**To do**. Write out word for word each line from the top of the material through the line that has "Kitchen featuring appliances". Pictures do not go in.

**Data records**.
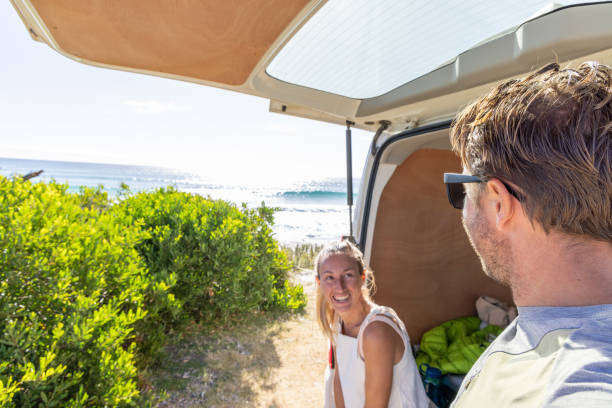 istock Happy Couple Relaxing in Open Van Trunk by the Beach 2161735732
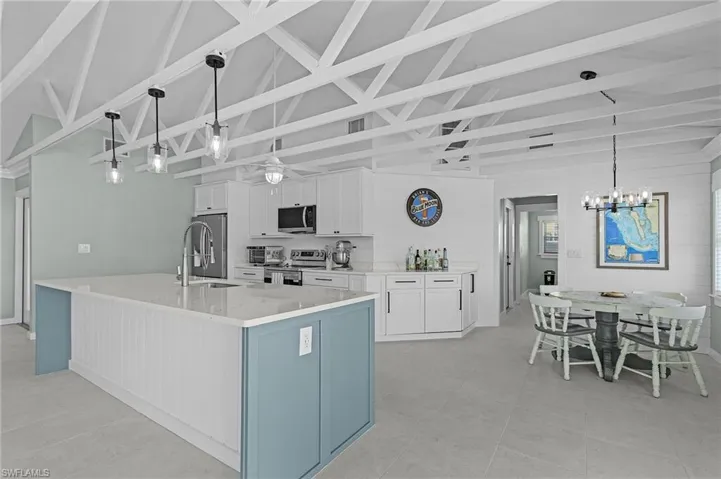 Kitchen featuring appliances with stainless steel finishes, sink, a large island with sink, decorative light fixtures, and white cabinets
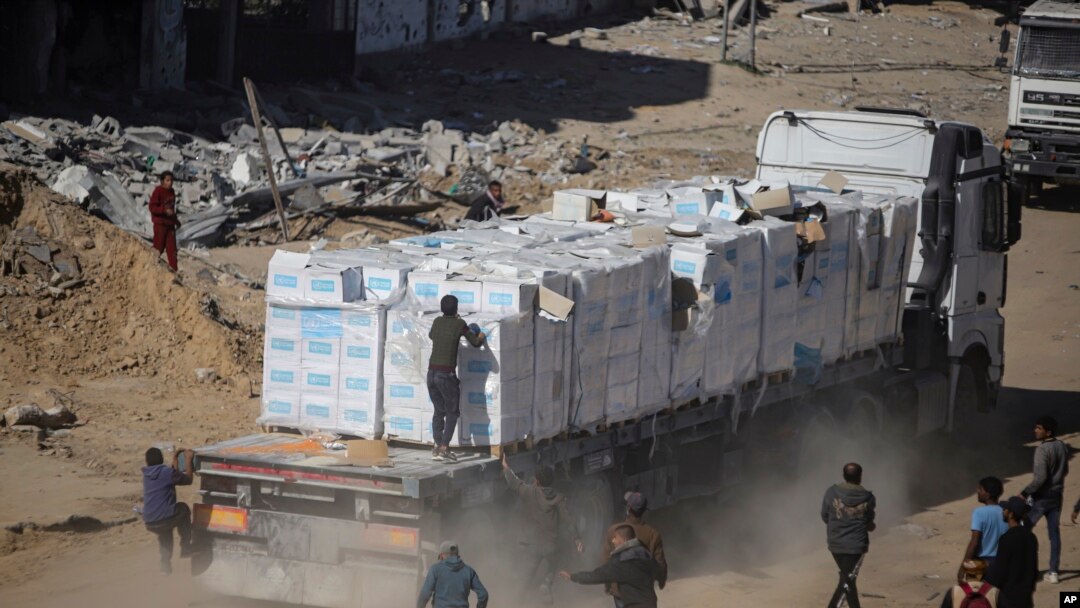 Palestinci jure za kamionima humanitarne pomoći koji su stigli preko prelaza Kerem Shalom iz Egipta u pojas Gaze, u Rafah, 21. januara 2025.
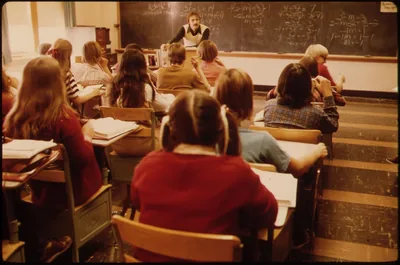 Students at desks facing a teacher at the blackboard in a classroom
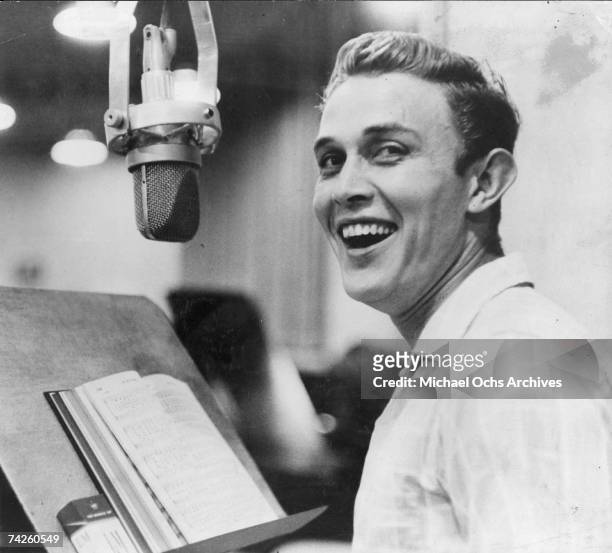 Entertainer and businessman Jimmy Dean recording in the studio in circa 1957.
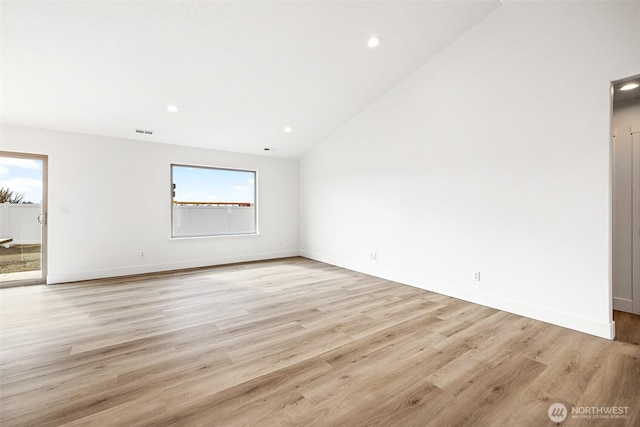 spare room with lofted ceiling, recessed lighting, visible vents, light wood-style flooring, and baseboards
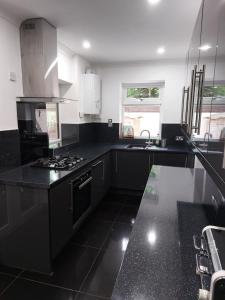 a black and white kitchen with a stove and a sink at Riverside in York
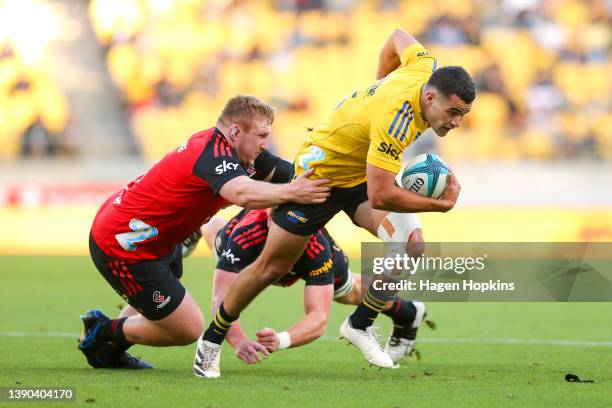 Josh Moorby of the Hurricanes is tackled by Fletcher Newell of the Crusaders during the round eight Super Rugby Pacific match between the Hurricanes...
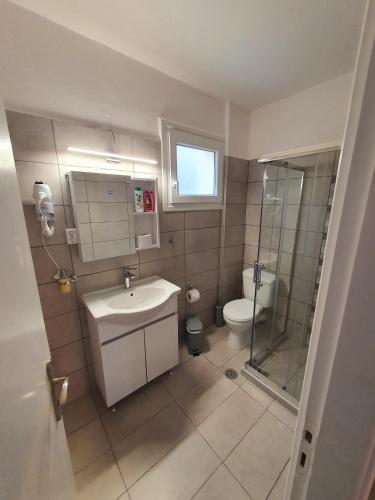 a bathroom with a toilet and a sink and a shower at BELLA DE LUX RESIDENCE in Kato Korakiana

**Result of this task**.
 istock Happy Couple Relaxing in Open Van Trunk by the Beach 2161735732
 Kitchen featuring appliances with stainless steel finishes, sink, a large island with sink, decorative light fixtures, and white cabinets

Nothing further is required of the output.